My boss gave me a call and told me about the ruckus and confusion that had happened that day. D returned home late in the evening in a heartbroken state and didn’t know how to break the news to me. The mood immediately changed when I told her that I was aware of Buddha’s telegram and all was well at home. Today, there are no midnight wake up calls from the postman but the smart phone on the bedside table keeps us awake and even before you get the news, the world comes to know and the box is full of Heartfelt Condolences…many of them simply forwarded. Tragedy of another kind.

RIP Telegram

The Inland Letter

One fine day I got a call on the office intercom from the Head of Facilities Department at Kolkata, Mr. Subir Sen. He asked me to come down to his chamber. I was wondering why on earth would this man call me. I hadn’t asked for a new chair or complained about having a separate Officers’ Washroom in an independent and equality ridden country of ours. With many a question in my mind, I knocked and walked into his chamber. He was a fair man and today looked somewhat reddish….what had he done to turn red, sitting in a comfortable air conditioned room?  He held an open inland letter in his hand and said, “S, I think this letter is for you. Your mother has written to you. I opened it and read it, thinking it was mine as the inland was addressed to S. Sen.” I took the letter from him and walked back to my work station.

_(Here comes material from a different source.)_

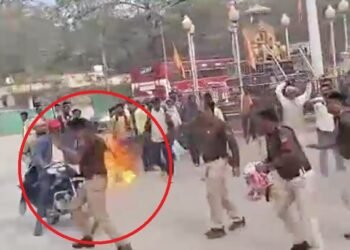 मैहर: कांग्रेस के प्रदर्शन में बवाल, आग की लपटों में घिरे ट्रैफिक पुलिस अधिकारी, पेट्रोल के छींटों से वर्दी में लगी आग
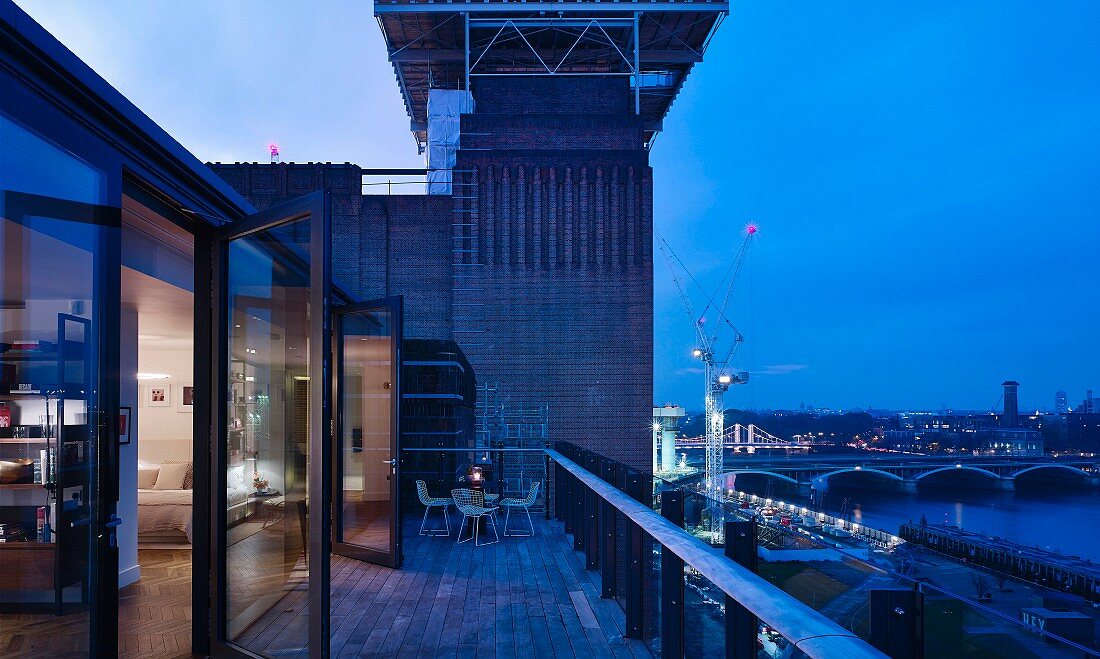 Abenddämmerung über der Dachterrasse einer Penthauswohnung mit Blick auf die Themse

My mother would write inland letters to me. When she was in a good mood, she would write to my residential address and write in Bengali. Then she would write to me in English and post it to my office address, whenever she was upset and angry at Baba and many a times at me. So I knew what the letter contained and what Mr. Subir Sen would have read. As I took a look at the letter, I realized what she had done…she had written her fury letter this time in Bengali… something which Subir Sen could read, but I couldn’t. So I took it home and asked my wife to read it for me….more embarrassment followed…as she read out para after para about how after marriage I had changed, how I would write so often to her and now I address all my letters to Baba. In short, I didn’t love her. It went on to say how sick she was and she would die soon. Someone in the neighbourhood would do the last rites since I was not getting my posting back home at Delhi. Of course she didn’t forget to write one last paragraph on how my father was troubling her and it was impossible to live with him anymore.

Subir Sen, that day onwards, would give me a sly smile whenever he met me in the corridors. The inland letter had gone outland and exposed my story. Subir Sen, I could avoid, but there was no escape at home…kyonki saas bhi kabhi bahu thi…That was my mother and her inland.

RIP Inland

Last word: While D still gives the Diwali bakshish to the postmen without fail, I find myself going to the philately division of GPO at Delhi to collect stamps and First Day covers. We, too, seem to have become relics from the past in times of ‘You’ve Got Mail!’